Rep. John Wray, R-Waxahachie, said he filed the bill after a volunteer firefighter brought the issue to his attention.

Some departments and local governments allow first responders to carry while others do not. The bill would bring uniformity, Wray said.

Allowing licensed first responders to keep a handgun with them is especially important in rural areas, he said. Particularly with a volunteer department, first responders may arrive at a scene before police and find a dangerous situation waiting, he said.

“They don’t need to perform a peace officer role, but they are certainly entitled to protect themselves,” Wray said.

Rep.

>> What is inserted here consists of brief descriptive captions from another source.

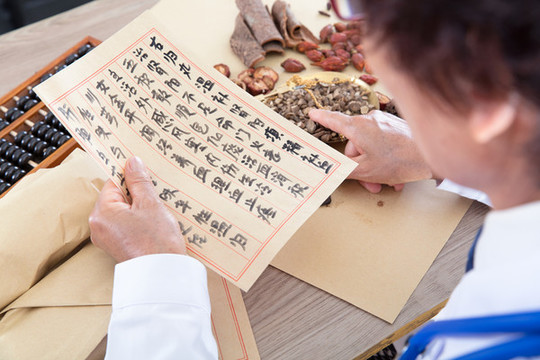 藥房里老中醫(yī)正看著藥方抓藥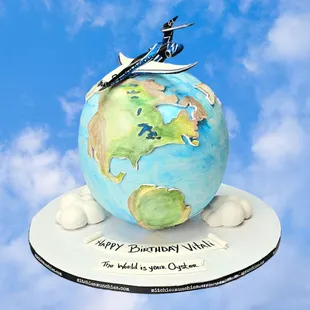 a birthday cake with a plane on top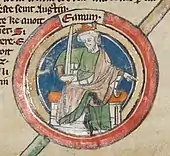 Une miniature représentant le roi assis et couronné, une main pointée vers le bas et l'autre tenant une épée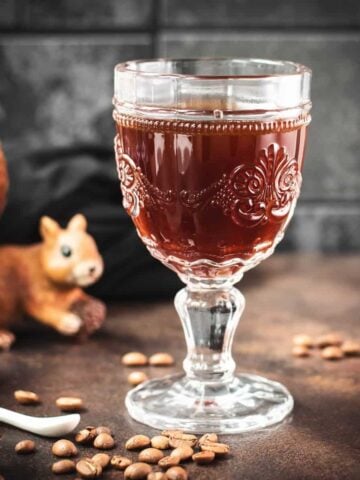 Gorgeous glass filled with maple syrup coffee, placed on dark brown ground, next to squirrel figure.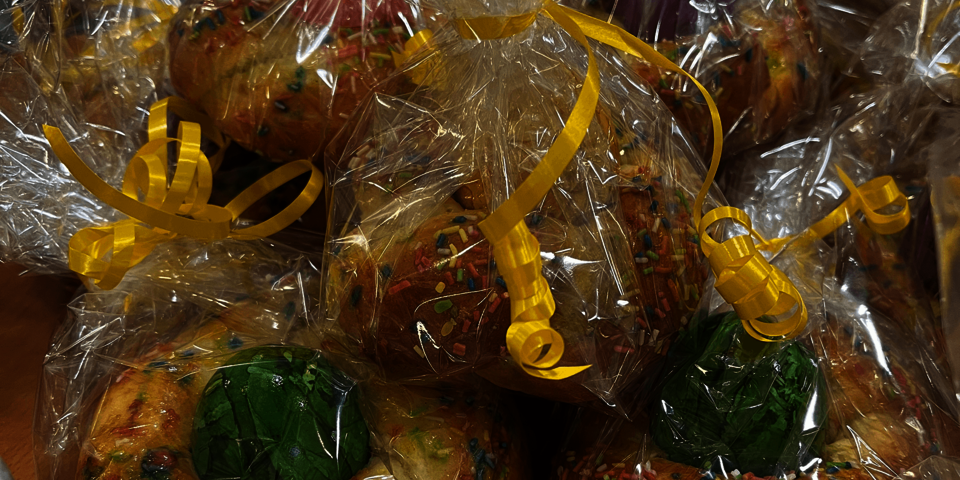 Rundes Hefegebäck in dem jeweils ein buntes Ei steckt, ist in Plastikfolie verpackt.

Kyle Kacal, R-College Station, said he believes first responders have a right to personal protection, even in their official capacity as public servants.

“In many communities across our state, and especially rural Texas, emergency responders, including EMS and firefighters, are solely volunteer and may carry firearms in their everyday life,” Kacal said. “The bill, as filed, is intended to relieve the burden of first responders from having to remove and store their firearms before responding to emergencies in firearm-restricted locations. Because timeliness is critical in most emergency situations, I believe it’s necessary to consider any efforts to maximize the effectiveness of emergency response.”

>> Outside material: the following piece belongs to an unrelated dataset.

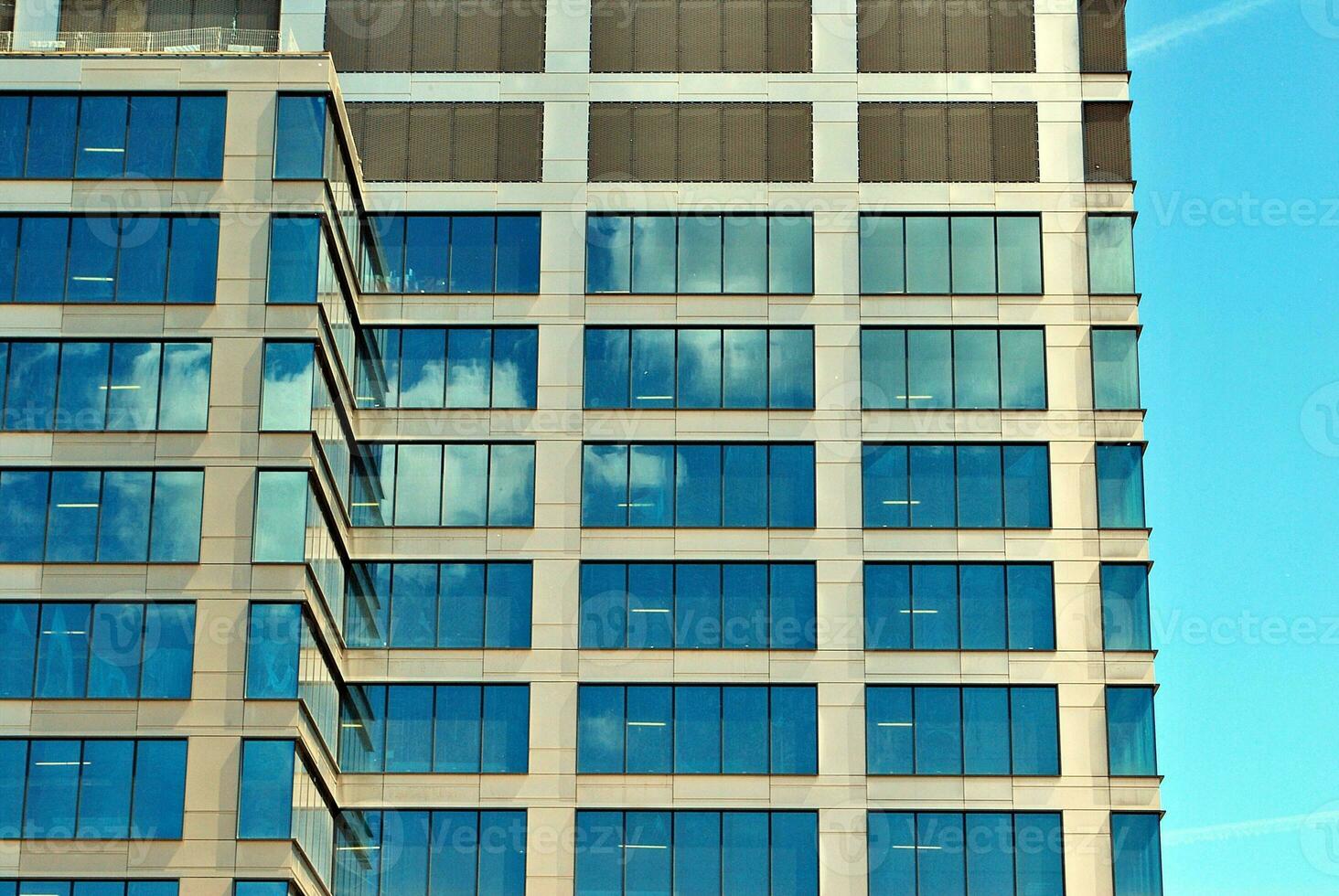 Structural glass wall reflecting blue sky. Abstract modern architecture fragment photo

Wray said similar bills were filed in previous sessions and failed to become law. But like so many things, every time the issue is brought to lawmakers’ attention, more people become aware, and the likelihood improves of getting the measure passed, he said.

“I feel positive and reasonably encouraged that we’ll be able to get this bill in front of the governor during this go-round,” Wray said.

Sometimes first responders don’t know a violent threat is at the scene until they arrive, said Jimmy Rogers, a Robinson volunteer firefighter and city council member.

Often when there’s a threat, police officers instruct fire and EMS responders to wait at a different location, Rogers said. Those violent situations often evolve and shift toward the staging area, he said.

Rogers said he supports first responders carrying as long as they are licensed.

“Being licensed to carry while on a call or doing a fire department function is no different than having the need to carry while you’re a private citizen at home,” he said. “Those unfortunate situations can arise at any time, even on fire calls. Even during a fire call there’s sometimes a heightened threat there.”

Sen. Brian Birdwell, R-Granbury, said he supports the concept of the bill but needs to review the legislation in detail before committing. Birdwell said lawmakers also need to consider whether open carry, concealed carry or both would be appropriate for first responders in uniform or on duty.

China Spring volunteer Fire Chief Scott Needler said during his two years as chief he hasn’t really seen a need for first responders to carry a weapon. Needler said the proposal wouldn’t make much of a difference one way or the other. He said if his firefighters notice anything suspicious, they call the sheriff’s office or local state troopers.

Rep. Charles “Doc” Anderson, R-Waco, said first responders should not have to enter areas that may be dangerous without the ability to defend themselves.

Having a handgun license ensures the person carrying is trained and passed a background check, among other requirements, he said.